On 5May, Berloso arranged a meeting with 24-year-old Diana Alexiu, a high-class escort from Constanța, Romania, who had recently relocated to Desenzano del Garda after an incident with a previous client. After picking her up from a toll booth at the motorway, he drove in the direction of the villa, but along the way, Alexiu became suspicious and tried to stall for time. When this failed, she threw herself out of the moving car, but was injured and unable to escape. Berloso caught up with her, took out the crossbow from the trunk of the car and shot her once in the stomach. According to his later confessions, he watched as Alexiu begged him to drive her to the hospital, supposedly almost convincing him in the end, but she succumbed to her injuries before that could happen. He then transported the body to the riverbank and buried it next to Vecchiato's, before abandoning the car he was using at a train station in Cervignano del Friuli.

==Investigation and arrest==
Unbeknownst to Berloso, investigators had been monitoring the devices and credit cards of the two victims, leading them to realize that he had been using Vecchiato's car and mobile phone to arrange a meeting with another prostitute. Due to this, a team of carabinieri were dispatched to arrest him. Berloso apparently realized this and fled his home, instead going to the home of Giorgio Saccon, a priest and friend of the family who lived in Treviso, to whom he had originally confessed that he had killed Paglavech back in 1993. After consulting with Saccon, Berloso was convinced to turn himself in to the authorities and soon surrendered in Padua.

===Confessions and suicide===
After being transferred to the police station in Udine, Berloso readily confessed to both murders and pointed out where he had buried the bodies, as well as where he had abandoned the crossbow used in both killings. When pressed for a motive, he claimed that he was desperate for money and decided to rob high-class prostitutes and escorts. Berloso also claimed that he knew that the police were going to catch up with him eventually, due to which he had contemplated fleeing to Brazil, where a friend of his lived.

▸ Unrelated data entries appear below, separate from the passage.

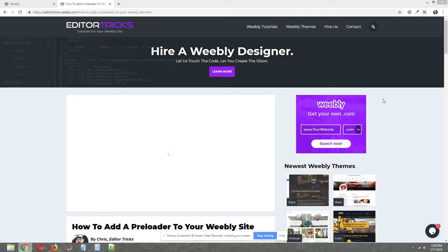Hey guys, what's going on? This is Chris from EditorTrix and today I'm going to show you how to add a preloader to your Weebly site.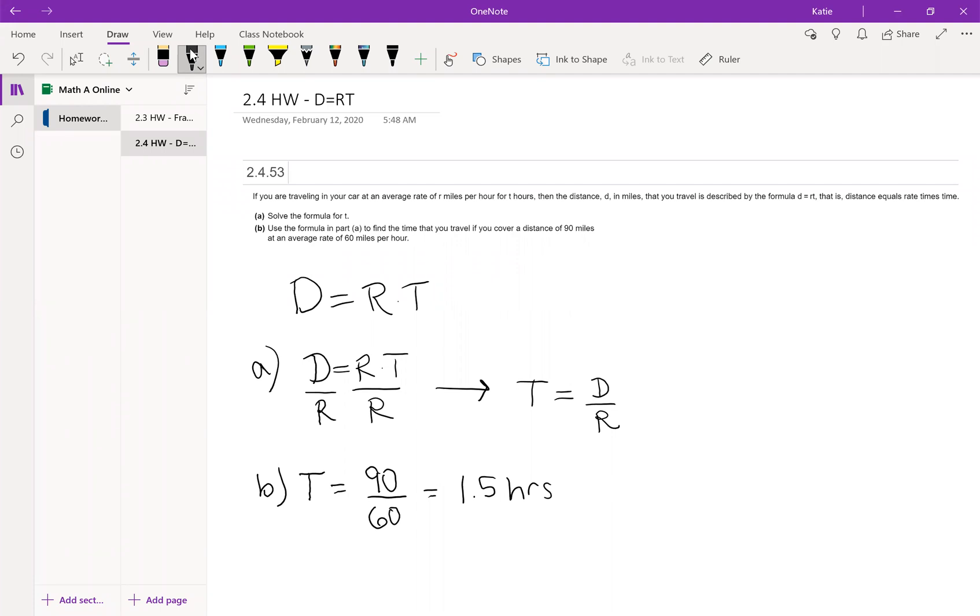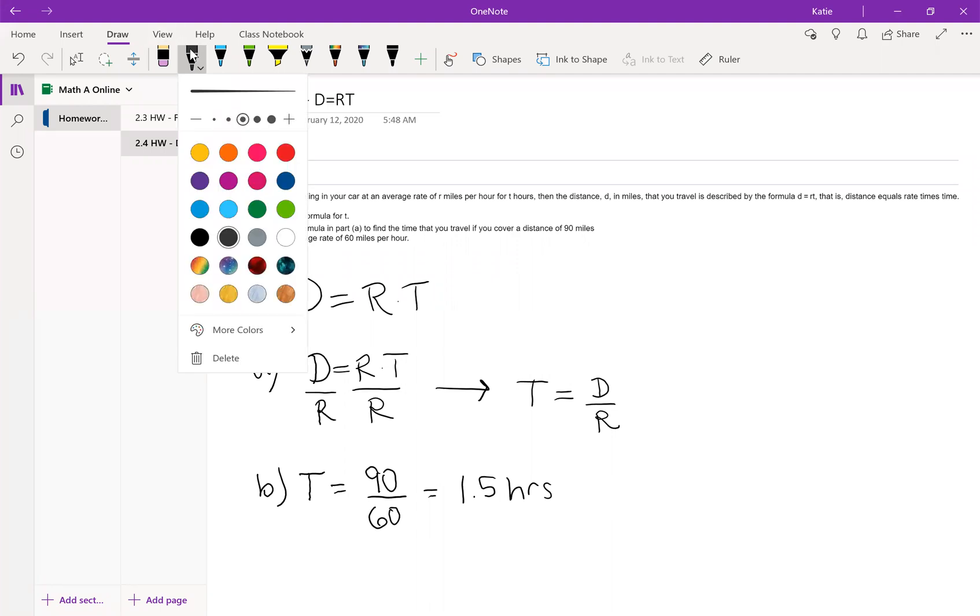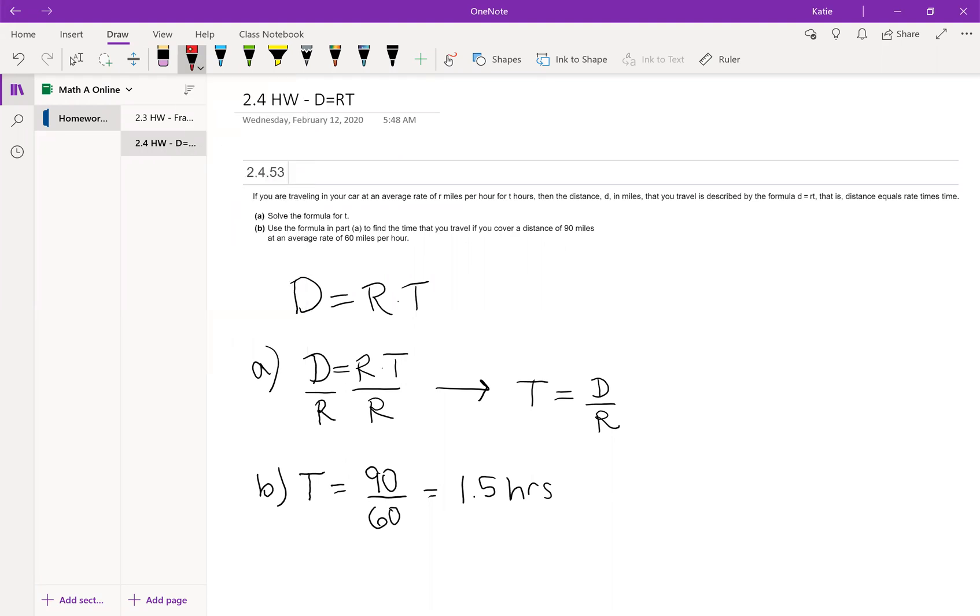On this particular problem, we're trying to manipulate the formula so that we can come up with a general formula for time. We're starting with distance equals rate times time, and for part a we're asked to solve the formula for t.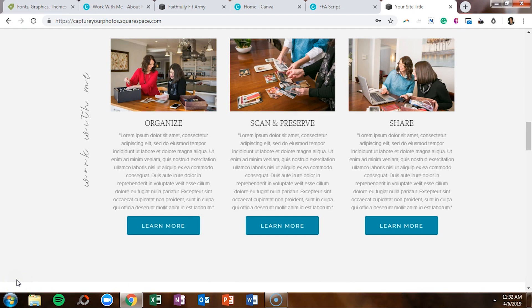When you want to add vertical text to a Squarespace site, you need to create a separate photo image. This is another reason why I suggest purchasing the business version of Canva rather than just the free version. With a Canva for Work account, you can save an image with a transparent background, which keeps you from ever having to hop into Photoshop, Illustrator, InDesign, or whatever else you use to edit images — and you can do this very quickly.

After his confessions, Berloso was transferred to the Udine Prison to await charges. On the evening of 5August, a guard patrolling the prison came across Berloso attempting to hang himself using sheets tied to the window grilles. Medical staff were immediately notified and rushed him to the medical wing, where he was declared to be comatose due to the effects of cerebral hypoxia. An inspection of his cell in the following morning led to the discovery of three hand-written letters: one addressed to his daughter, another to his mother, and the last (written in Portuguese) to his female friend, but no suicide note.

Berloso was kept on life support for fifteen days, until he was declared legally brain dead. As a result, his life support was turned off, with him dying shortly afterwards. Not long after his death was revealed to the public, Berloso's mother said in an interview that she planned to give him a private funeral attended only by closest relatives and that she would soon move away from Aiello del Friulli, as the house would now forever be stigmatized as the home of a killer.